Figure 3 shows the levels of specific antibodies and MBCs in HCWs with breakthrough infections on the day of the first positive NPS compared to fully vaccinated HCWs matched for sex, age, and interval from vaccination. There was no difference in the level of antibodies specific for Trimeric Spike and RBD and in the titer of neutralizing antibodies (Figures 3A–3C). Spike-specific MBCs were not reduced in HCWs who had breakthrough infections (Figure 3D). Among Spike-specific MBCs, we determined the percentage of IgM+ and switched cells 3 and 6 months in HCWs with or without breakthrough infections after the first positive NPS (Figure 3E). There was no significant difference between the two groups analyzed. The fraction of Spike-specific MBCs able to bind the viral RBD was also similar in fully vaccinated HCWs with or without breakthrough infection (Figure 3F).

Figure 3

Levels of specific antibodies and frequency of Spike-specific memory B cells in vaccinated HCWs who never had a positive NPS and in HCWs with breakthrough infections

For a Figure360 author presentation of this figure, see https://doi.org/10.1016/j.chom.2022.01.003.

(A) Anti-Trimeric Spike-specific IgG, (B) total anti-RBD antibodies, and (C) neutralizing antibodies. The values measured in SARS-CoV-2-negative HCWs 3 and 6 months after vaccination (n = 34) are compared to those of HCWs with breakthrough infections that occurred either 3 (3mo) (n = 8) or 6 (6mo) (n = 14) months after the second dose. (D) Plot depicts the percentage of Spike-specific MBCs in vaccinees with and without breakthrough infections. (E) Pie charts show the distribution of switched and IgM+ Spike-specific MBCs in fully vaccinated HCWs without and with breakthrough infections 3 and 6 months after vaccination. In (F), the percentage of RBD+ cells among Spike-specific MBCs in the two groups of HCWs is shown. Medians of the antibody values at different time points showing the kinetics of anti-Trimeric Spike-specific IgG (G), anti-RBD Ig (H), and anti-N Ig (I) are shown. (L) Percentage of Spike-specific MBCs, (M) RBD-specific MBCs, identified among Spike-specific MBCs, and (N) Spike-specific plasmablasts in the peripheral blood of vaccinated HCWs with breakthrough infections (n = 33). Samples were analyzed after the first positive NPS at the following time points: 0–3 days, 4–6 days, 7–10 days,11–14 days, and > 15days after the first positive NPS. Empty circles represent HCWs for which only one sample was collected at a known time point after the first positive NPS (n = 12). Antibody titer is shown on a log10 scale. Neutralizing antibodies are expressed as the reciprocal of the highest serum dilution inhibiting at least 90% of virus-induced cytopathic effect (MNA90) and values ≥10 were considered positive. Dashed line indicates the cut-off of the test (MNA90 < 10). Medians are indicated, and statistical significance was determined using unpaired Mann-Whitney t test. ∗p < 0.05, ∗∗p < 0.01, ∗∗∗p < 0.001.

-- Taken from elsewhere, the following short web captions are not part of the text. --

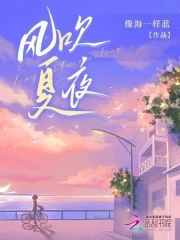Summer Night Breeze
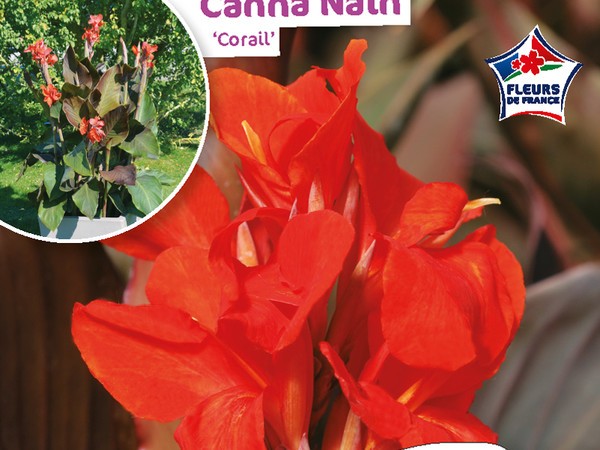 Canna Nain Corail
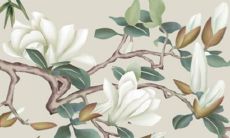 化解刑太岁的最有效方法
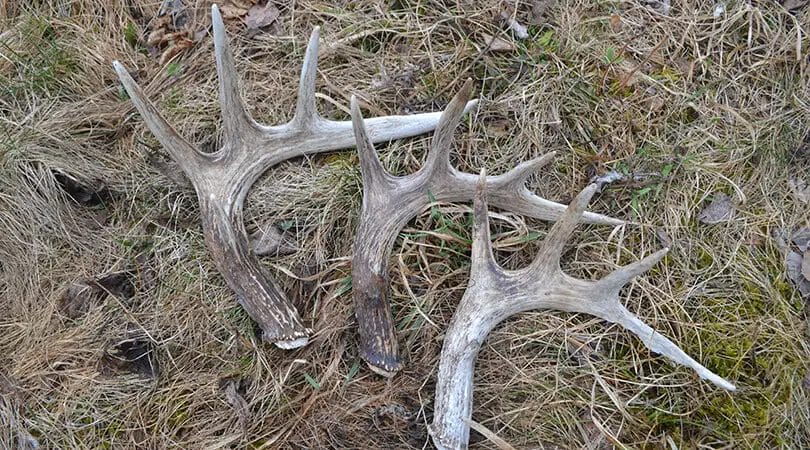 Can You Take Antlers Off a Dead Deer? • Support Wild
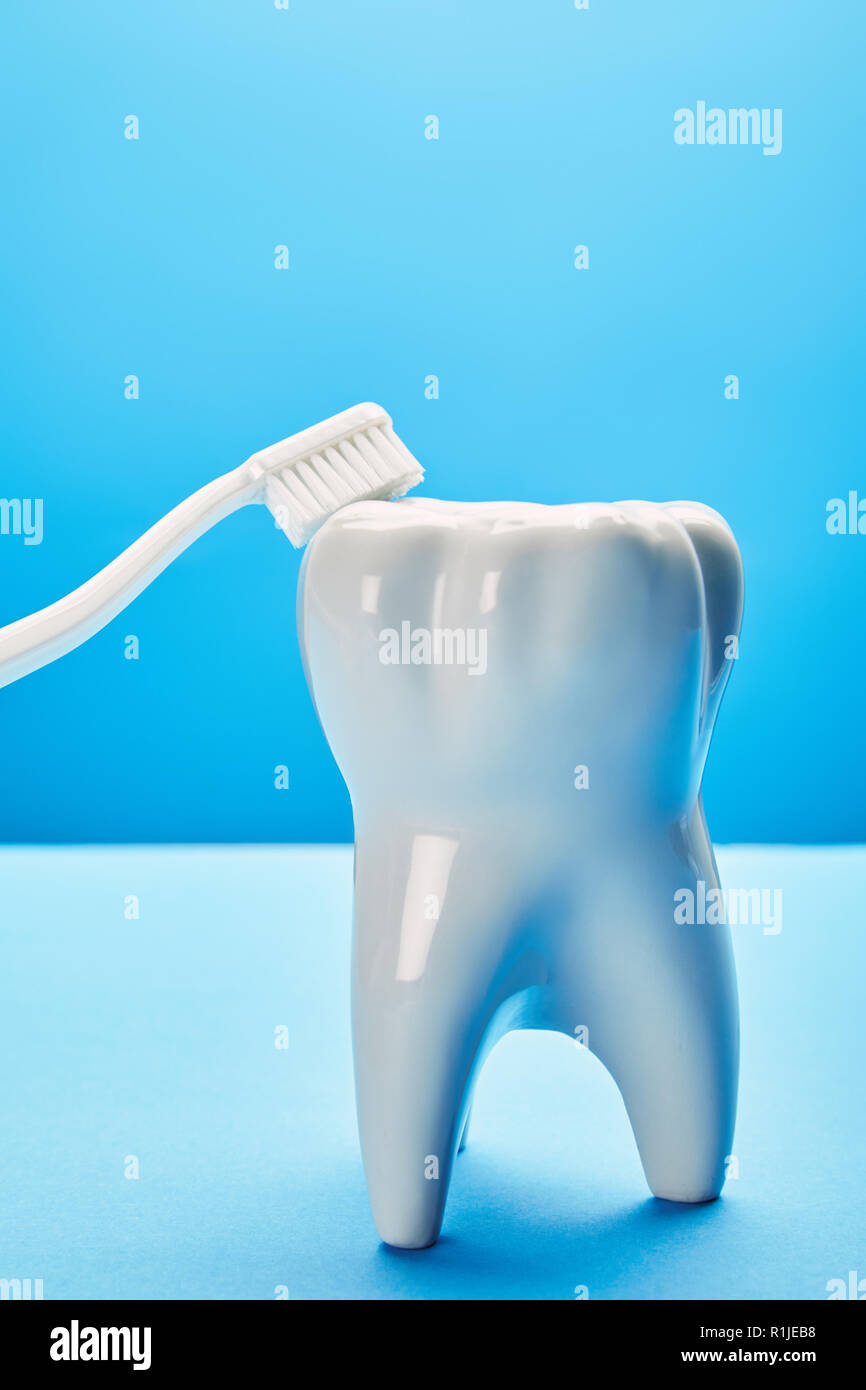 close up view of tooth model and toothbrush on blue background ...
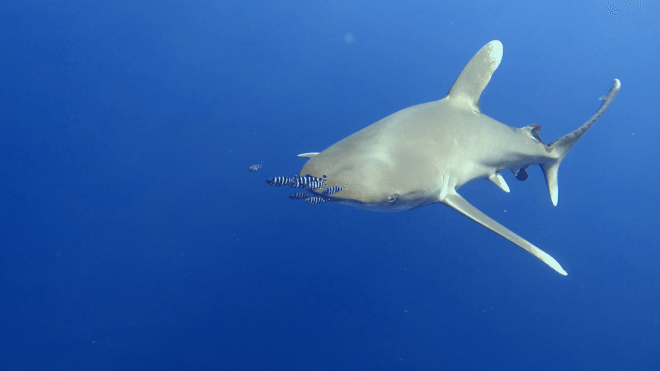 Ozeanischer Weißspitzenhai Marsa Alam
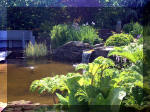 Le jardin aquatique de rêve du Condroz - Printemps 2003 5  32 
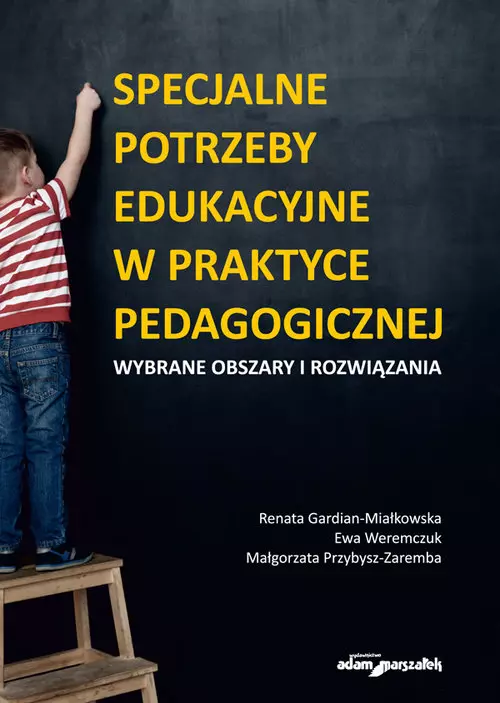 Specjalne potrzeby edukacyjne w praktyce pedagogicznej Wybrane obszary i rozwiązania - Książki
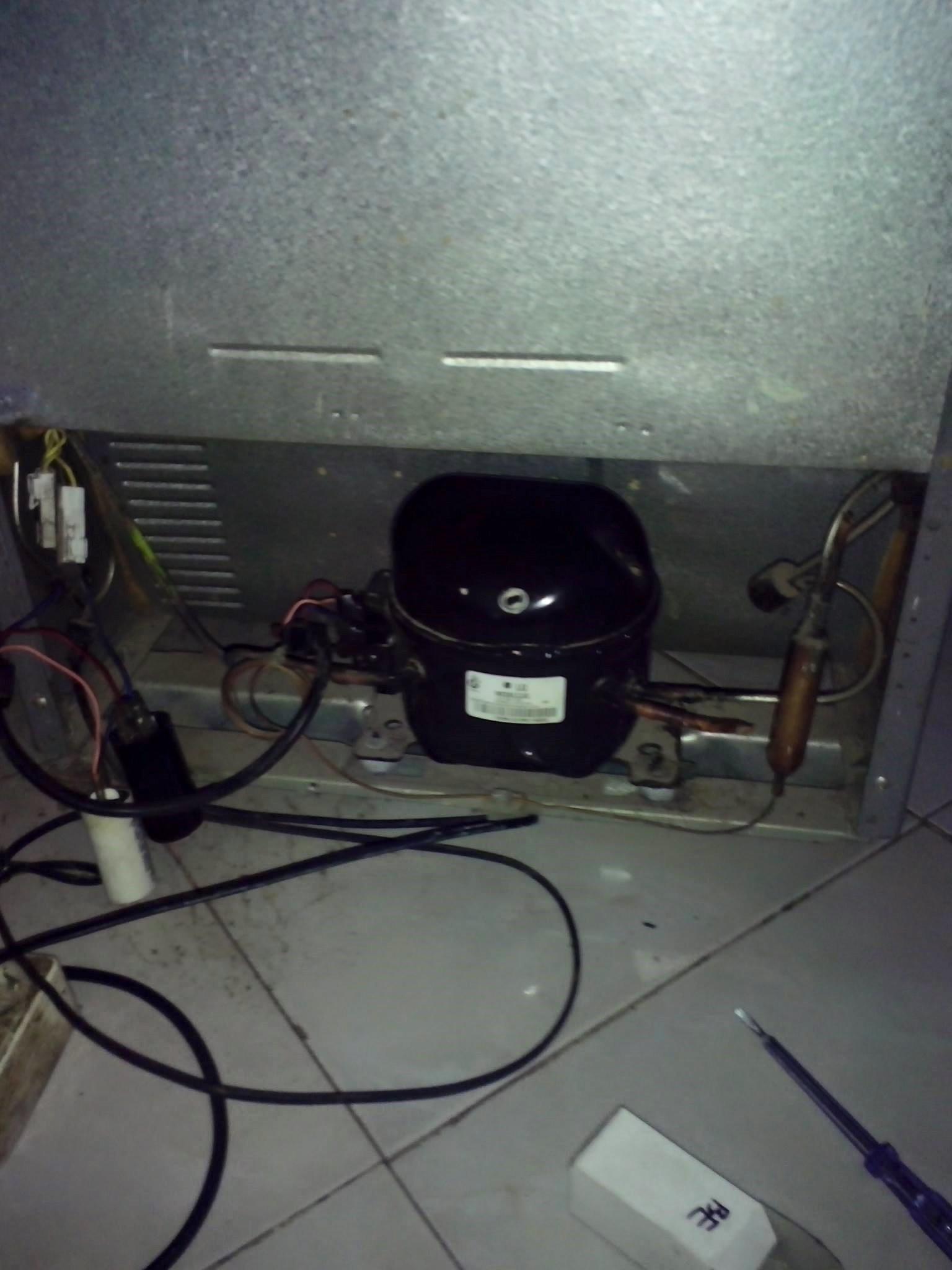 12248168 1028966937166073 2434461693062794404 o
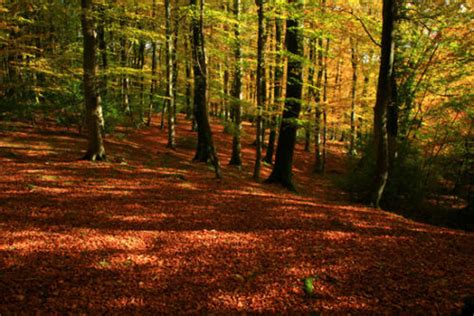 Ken Leslie Photography: Autumn in the New Forest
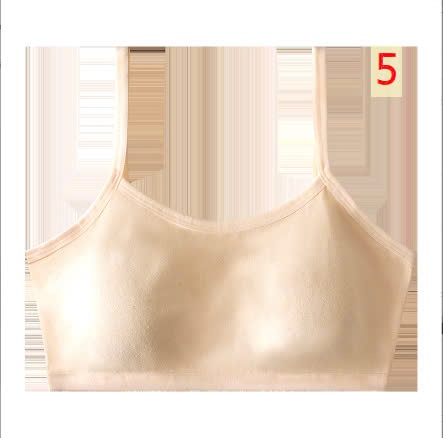 24HA268.10 - SET 3 ÁO BRA HỌC SINH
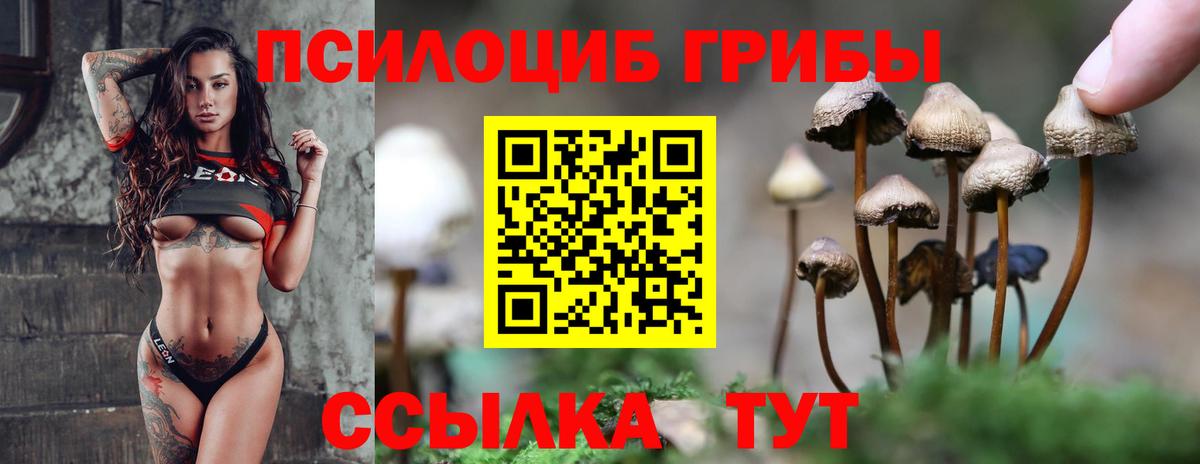 Борисоглебск  Псилоцибиновые грибы мицелий  Вход с VPN  закладка  Галлюциногенные грибы Psilocybe 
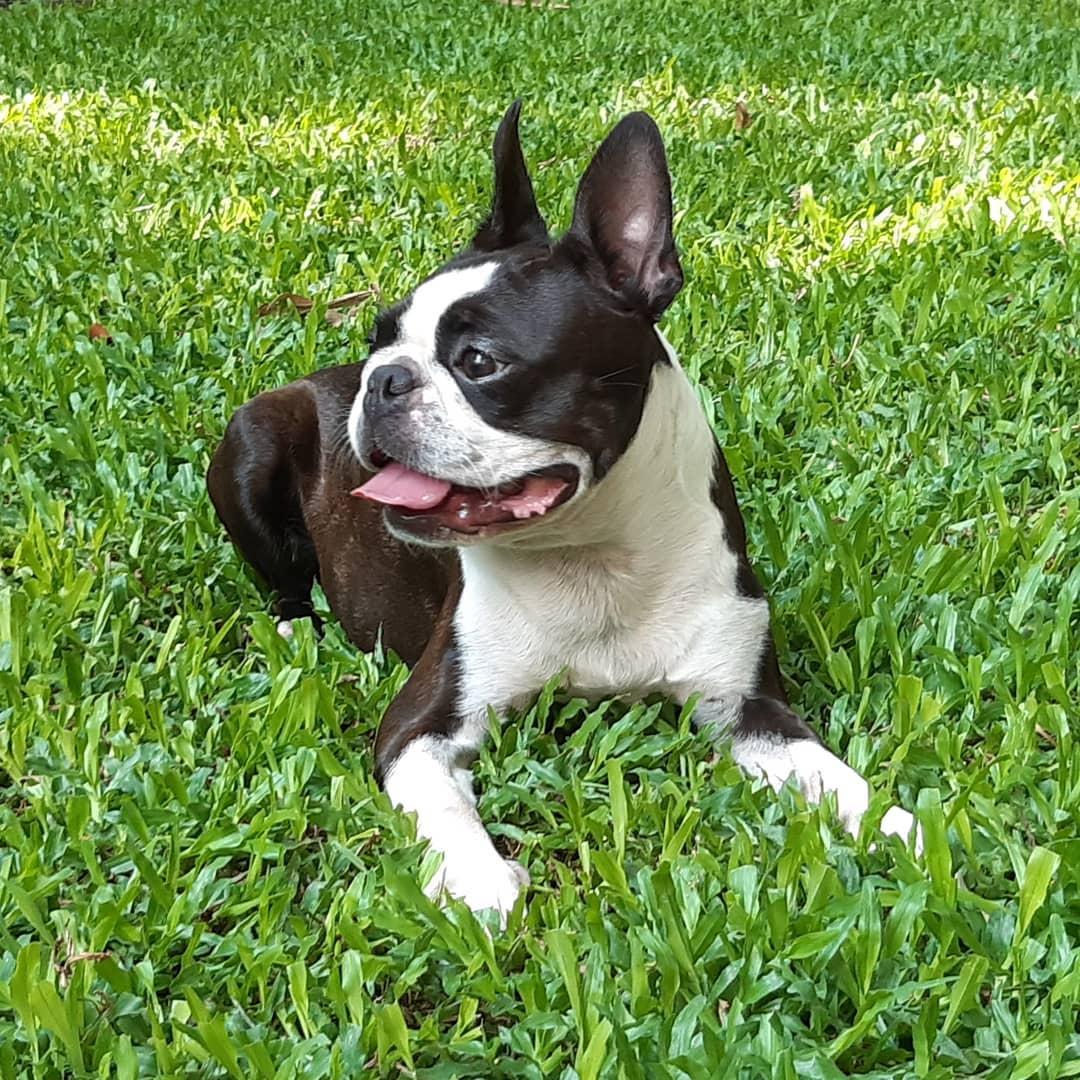 ร้าน SK Boston Terrier Thailand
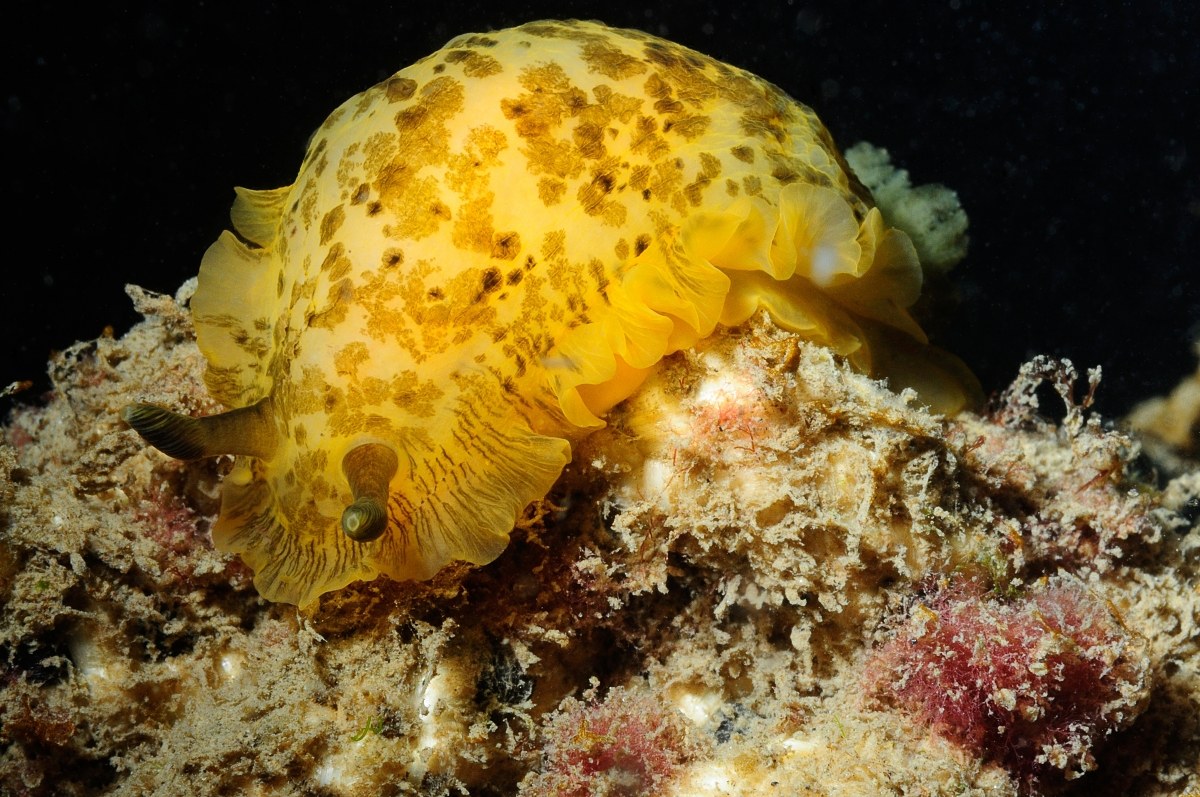 Nudibranch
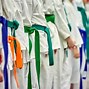 Image result for Taekwondo Color Belt Order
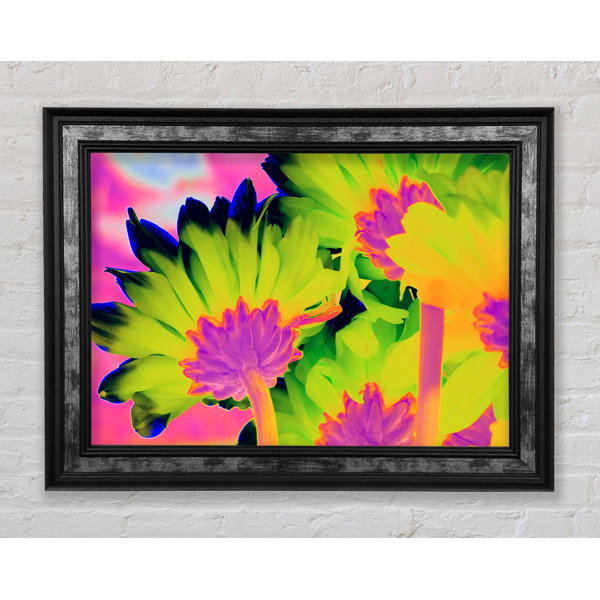 Bright Star Psychedelic Petals - Single Picture Frame Art Prints ...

We followed 21 HCWs for about 20 days after the first positive swab, whereas for 12 HCWs only one sample was obtained at a known time point after the first positive NPS.

In the serum, anti-Trimeric Spike and anti-RBD antibodies were already detectable 0–3 days from the first positive NPS because of the previous vaccination, immediately increased 4–6 days after, and reached the maximal level measurable by the standard assays performed in our Institute at 7 to 10 days after the first NPS (Figures 3G, 3H, S4A, and S4B). In contrast, anti-nucleoprotein (N) antibodies, which were absent at 0–3 days, became detectable in 4 cases 7–10 days after the first NPS, significantly increased at 11–14 days following the positive NPS, and were present in all individuals but one 15 days after the first positive NPS; this reflects the kinetics of the immune response to a novel antigen, which typically requires 2–3 weeks for the generation of specific antibodies (Figures 3I and S4C).

The rapid production of specific antibodies may be explained by the function of the already established population of MBCs that differentiate into antibody-producing cells once that virus has invaded the oropharynx.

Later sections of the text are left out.